Still, deepwater projects can work, provided a company is in the right field, has the right efficiency, and existing infrastructure that can make a project economically feasible, BP officials said Tuesday (13 June) during a webcast for the 2017 edition of the BP Statistical Review of World Energy. The company has a number of such projects around the world, including the Mad Dog 2 project in the Gulf of Mexico, said Lamar McKay, BP’s deputy group chief executive, during the presentation.

BP Group Chief Economic Spencer Dale said during the webcast that the idea of classifying projects as low and high cost is misleading. Instead, wide bands of cost variation exist, and companies can be competitive if they’re lower in the band.

The review highlights the short-run adjustments and long run transitions in the global energy market.

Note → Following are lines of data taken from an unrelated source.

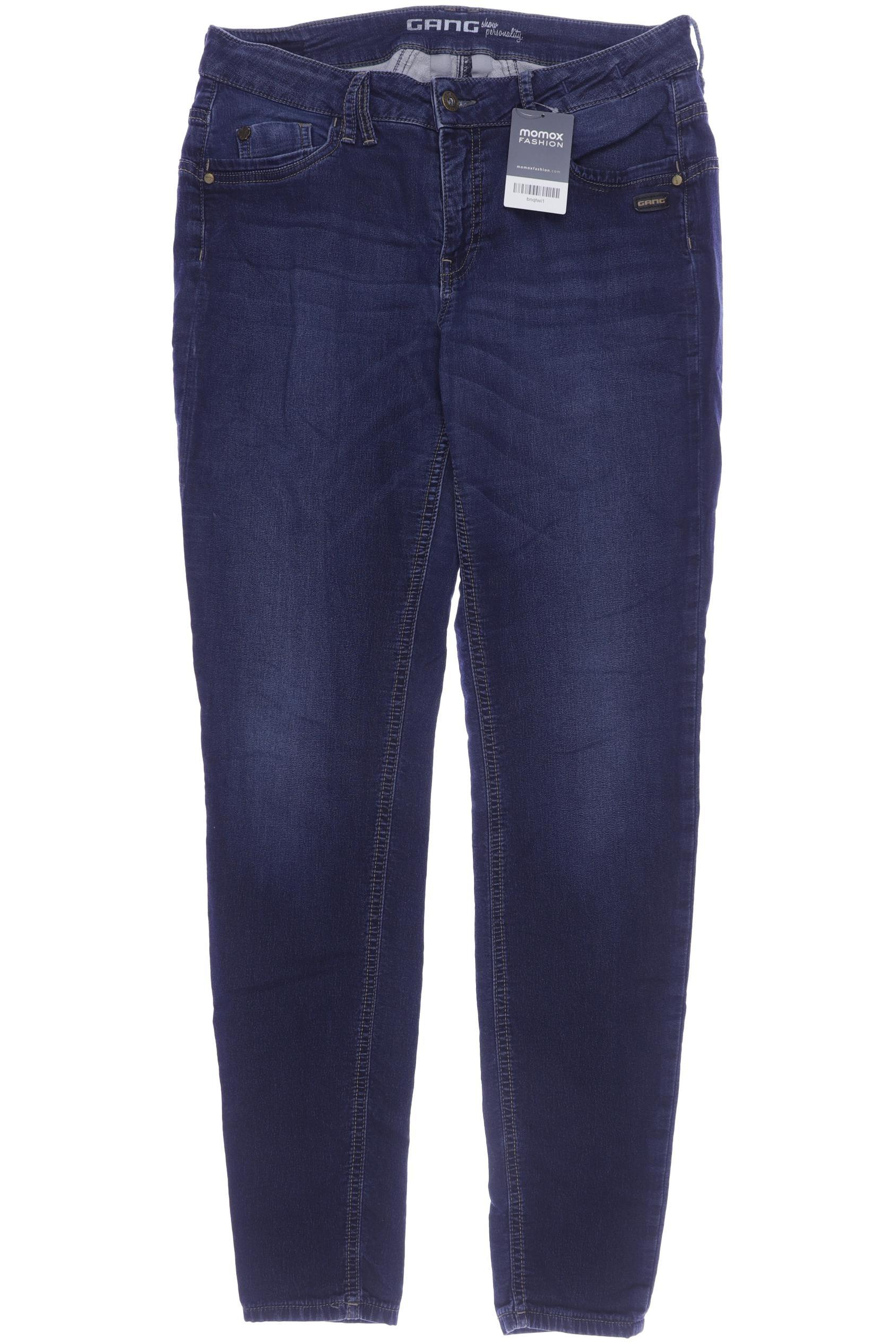 

GANG Damen Jeans, blau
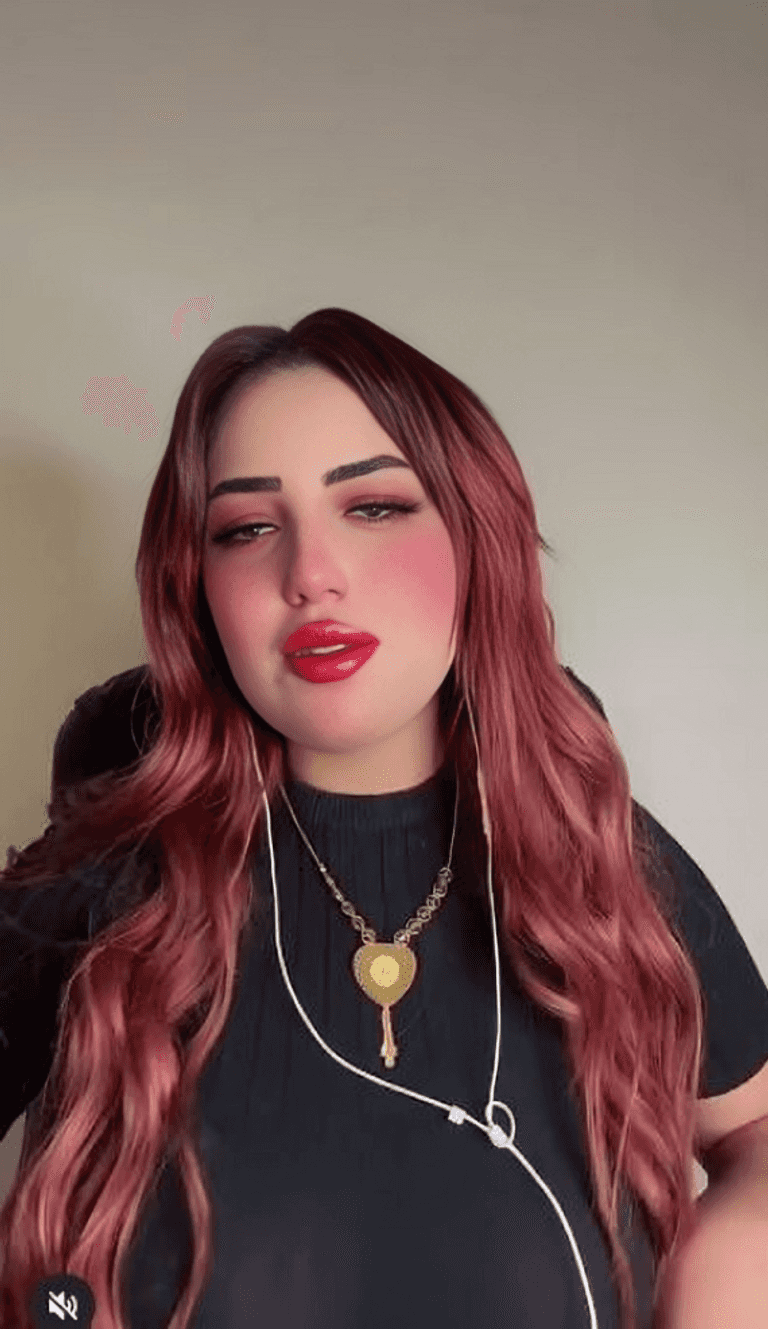 الراقصة دوسة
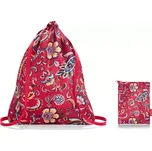 REISENTHEL Mini maxi sacpack Praktický vak na nákupy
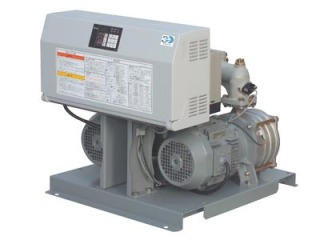 NX-VFC252-0.4S2D-e teral inverter pump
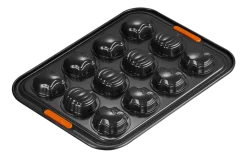 Le Creuset Bakvorm 12 Halloweenfiguren 40 x 30 cm Clearance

Last year, global energy demand was weak for a third consecutive year, growing by just 1%, around half the average growth rate of the past decade. Once again, almost all this growth came from fast-growing developing economies, with China and India together accounting for half of all growth, BP said.

The year’s low prices drove demand for oil higher by 1.6%, while growth in production was limited to only 0.5%. As a result, the oil market returned broadly back into balance by mid-year, but prices continued to be depressed by the large overhang of built-up inventories.  Natural gas production was also adversely affected by low prices, growing by only 0.3%. US gas output fell in 2016, the first reduction since the advent of the shale revolution in the mid-2000s, BP stated.

Renewables were again the fastest growing of all energy sources, rising by 12%, BP found. Although providing still only 4% of total primary energy, the growth in renewables represented almost a third of the total growth in energy demand in 2016. In contrast, use of coal – the most carbon-intensive of the fossil fuels – fell steeply for a second year, down by 1.7%, primarily due to falling demand from both the US and China.

The combination of weak energy demand growth and the shifting fuel mix meant that global carbon emissions are estimated to have grown by only 0.1% – making 2016 the third consecutive year of flat or falling emissions. This marks the lowest three-year average for emissions growth since 1981-83.

“While welcome, it is not yet clear how much of this break from the past is structural and will persist,” said BP Group Chief Executive Bob Dudley. “We need to keep up our focus and efforts on reducing carbon emissions. BP supports the aims set out in the COP21 Paris meetings and is committed to playing our part to help achieve them.”